A new medical device and healthcare economy will demand that customers, the people formerly known as patients, will be able to research technologies, companies and doctors. That also means that technologies, companies and doctors will have the opportunity to develop brands that command premium fees. Ultimately, this will change the way insurers compensate the insured, because it is conceivable that other factors than what your doctor says is needed will come into play. The trading of access to one's body (or information about our bodies) for access to new technology, for instance, could offset some of the cost of a procedure, a factor that should impact the payment by an insurer dramatically in many cases.
Speaking for myself, I am sold on the value of participating in a trial based on extensive disclosure of information. The surgery I had would normally cost about $75,000, according to HealthGrades.com. Since I had two discs replaced, the cost of just the devices was between $10K and $14K, and there were other features of the operating room and hospital that would have cost me $100,000 if I'd paid for this procedure on my own, which was my only option if I wanted to avoid having my neck fused.
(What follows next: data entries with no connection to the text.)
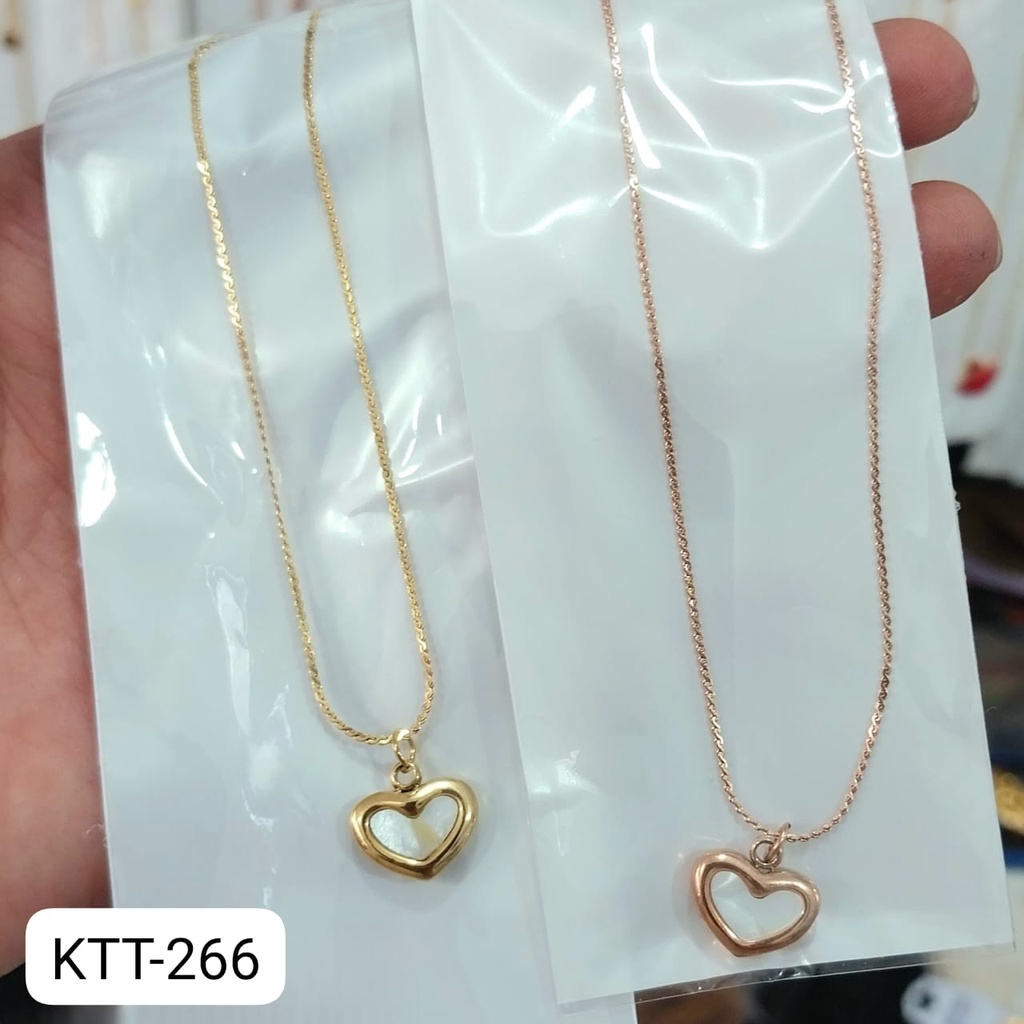 Jual Kalung Titanium Rantai Emas Gold Love Hati Polos Kalung Pria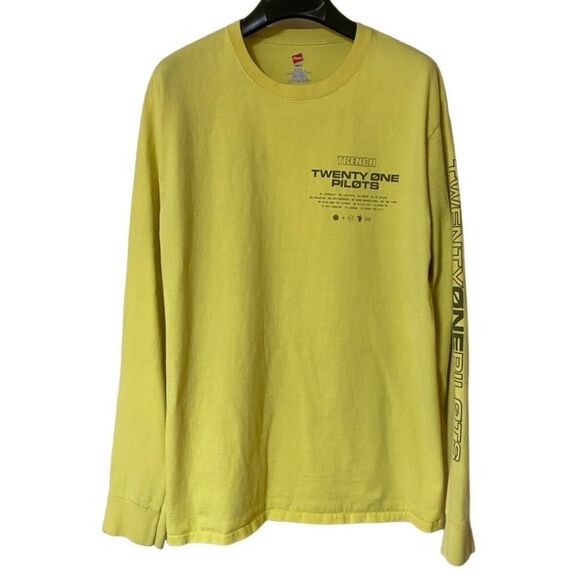 Twenty One Pilots Men’s Unisex Yellow Trench Graphic Long Sleeve Shirt Sz L - Picture 1 of 12
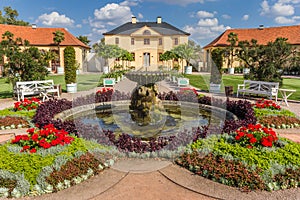 Colorful garden and fountain at the Belvedere castle in Weimar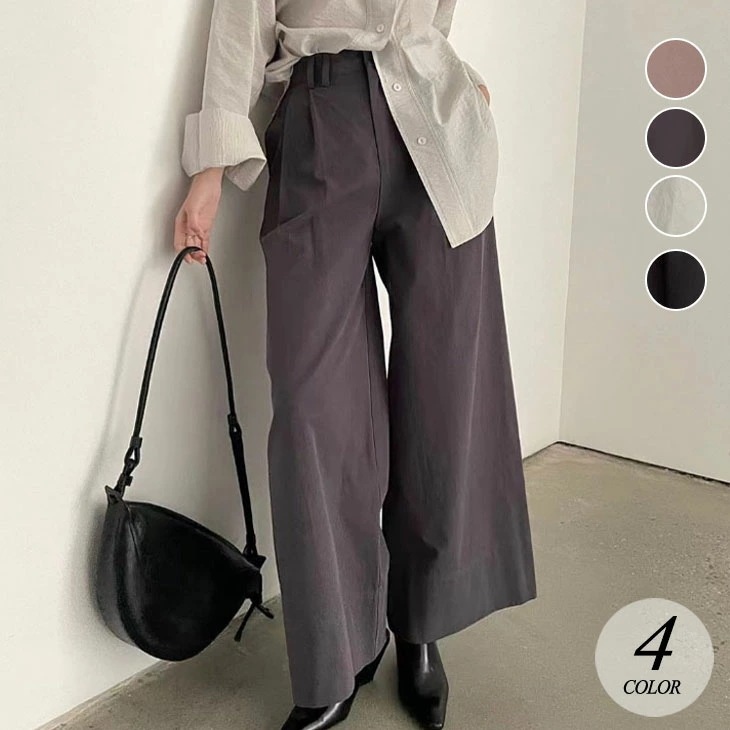 【2025新作 急速出荷】ハイウエスト ワイドパンツ レディース 秋 ルーズストレート コットン パンツ ボトムス きれいめ シンプル ワイドレッグ 通勤 通学 ビジネス オフィス OL カジュアル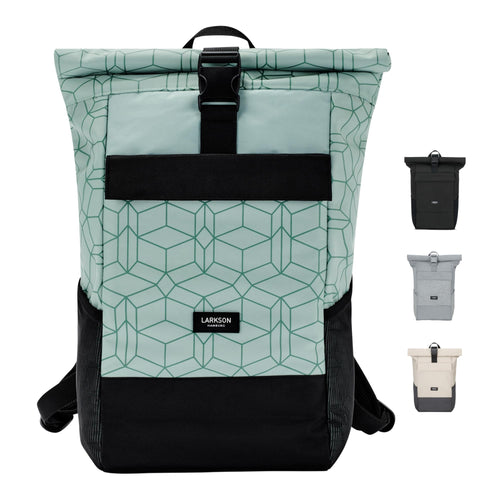 LARKSON No 4 Rolltop Rucksack Mint mit Laptopfach, wasserabweisend für Uni, Arbeit und Fahrrad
Best of all, I woke up without the pain I'd had for years. (Check out this animation of the procedure, which doesn't show the person whose job it was to hold my esophagus out of the way for a couple hours—I felt like I should tip this guy.) The extreme pain of recent months was gone when I woke in the recovery room, and numbness in my left arm and fingers has been abating consistently since the surgery. I lost only two tablespoons of blood in a two-and-a-half hour surgery and walked out of the hospital, without any need for a cervical collar, only two days later to fly home to Seattle. It is an incredible outcome, one for which I will be eternally grateful.
Now, if we can only figure out how to make this kind of outcome more easy to discover and pay for. That's a battle for after I finish my recovery. For now, I am happy to have my life back.